Where Chefguy goes wrong, and really it’s obvious how wrong it is if you just think about it for a second, is that President Obama has been in the public’s face for six years talking and talking and talking. If he doesn’t think Obama’s been rebutting what the right is saying, then he, like many other Americans, has obviously just tuned the President out.

Whether people like or don’t like the ACA is highly dependent on how it’s described. For example, if you describe the penalty as a tax (the way the Supreme Court decided it was), people are probably quite opposed to it. If you describe individual benefits, people are probably in favor of them.

I’m undecided on the ACA, and reasonably well-informed about it. I think that some of its goals were good, and I think that even if the implementation is problematic, it might be worth it just for the fact that it’s much harder to simply end up uninsurable. But I think that the fact that it’s a huge complicated thing that most people don’t really understand, and the implication that the only way to make a big legislative change is to make it so complicated that the voters don’t know what the hell it’s doing, is really problematic for democracy. The ACA is a horrendously kludgy law.

In general, I think that Obama’s statement about needing better messaging is indicative of the divisiveness in our politics and the way our democracy works. For the most part, you don’t win elections by convincing people that you’re right. You win elections by convincing the people who already think you’re right to vote. And with incredibly low turnout, each party can claim that it was a messaging failure (I’ve seen very similar statements from Republicans, particularly about the need to come up with better messaging for women).

Well, now we find that one of the architects of Obamacare lied about it, deliberately, in order to get the stupid people who voted for Obama to fall for it.

That just makes it worse, because that just makes Obama a hypocrite. To complain about divisiveness in politics right after you lost an election even when you got your major domestic policy passed by lying about it - come on.

It depends on what is meant by “better messaging”. Obviously they don’t mean “telling the truth” because Obama only got the ACA passed by lying about it, and currently Pelosi is lying her head off claiming she never heard of the person her office has been citing as a major source.

"We lied to you about some legislation that, now that it is passed, is unpopular and doesn’t do the things we claimed it would. The most recent election was a mandate on Obama, and the Dems got spanked badly.

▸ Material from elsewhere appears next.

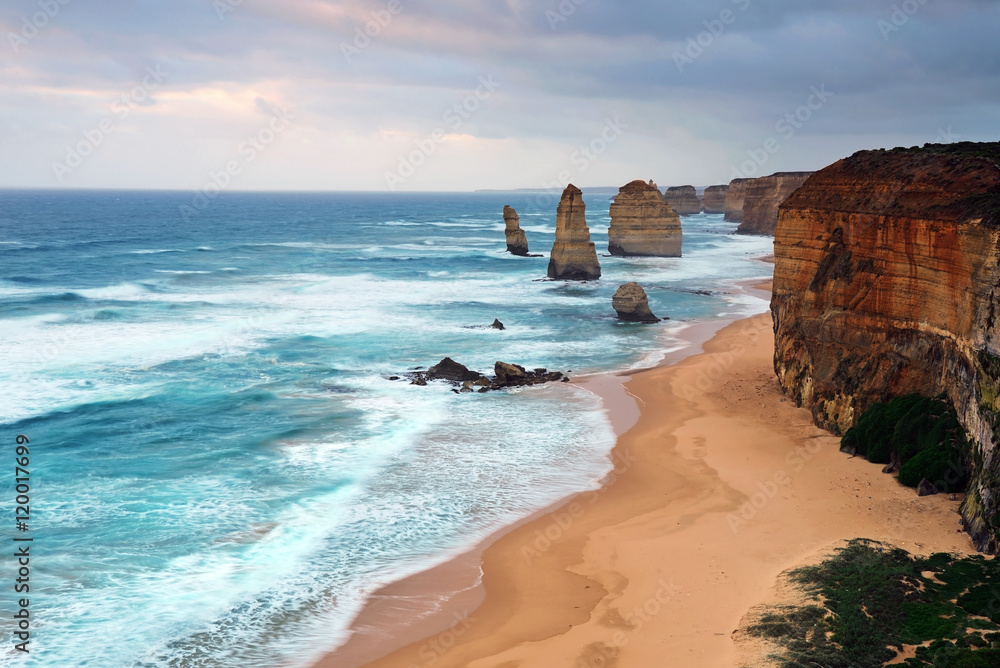 Cloudy day in Twelve Apostles Sea rock in Port Campbell National park, one of the most famous iconic natural landmark along Great Ocean Road i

Obviously it is the fault of those nasty divisive Republicans, and all the folks who couldn’t be bothered to get off their asses and vote support me enthusiastically and we should assume they think like I do. After all, they are stupid!"

Regards,
Shodan

That’s not what I’m saying. I don’t think Obama is complaining about divisiveness. He’s saying that his messaging was bad because it didn’t inspire Democratic voters to go vote. I’m saying that that statement says something broader about our system, which is that you don’t win elections by convincing people that you have good ideas, you win them by convincing people who agree with you that they should get off their asses and vote.

I didn’t say anything like that, and I don’t think Obama did either.

If you listen to what the dude said, he’s talking about framing the mandate penalty as not a tax. Because the stupidity he’s talking about is the insane tax-revulsion that RW media has inflicted on a third of the country. It’s politics. Calling it a penalty was necessary because of the stupidity he’s decrying. In a rational world they just could have said it was a, “not having insurance tax.”

The fault is with a cursorily engaged populace. The rightward side has media that is designed to outrage people, and the outraged get out of bed early on voting day. The left aren’t nearly as pissed off, so they sleep in.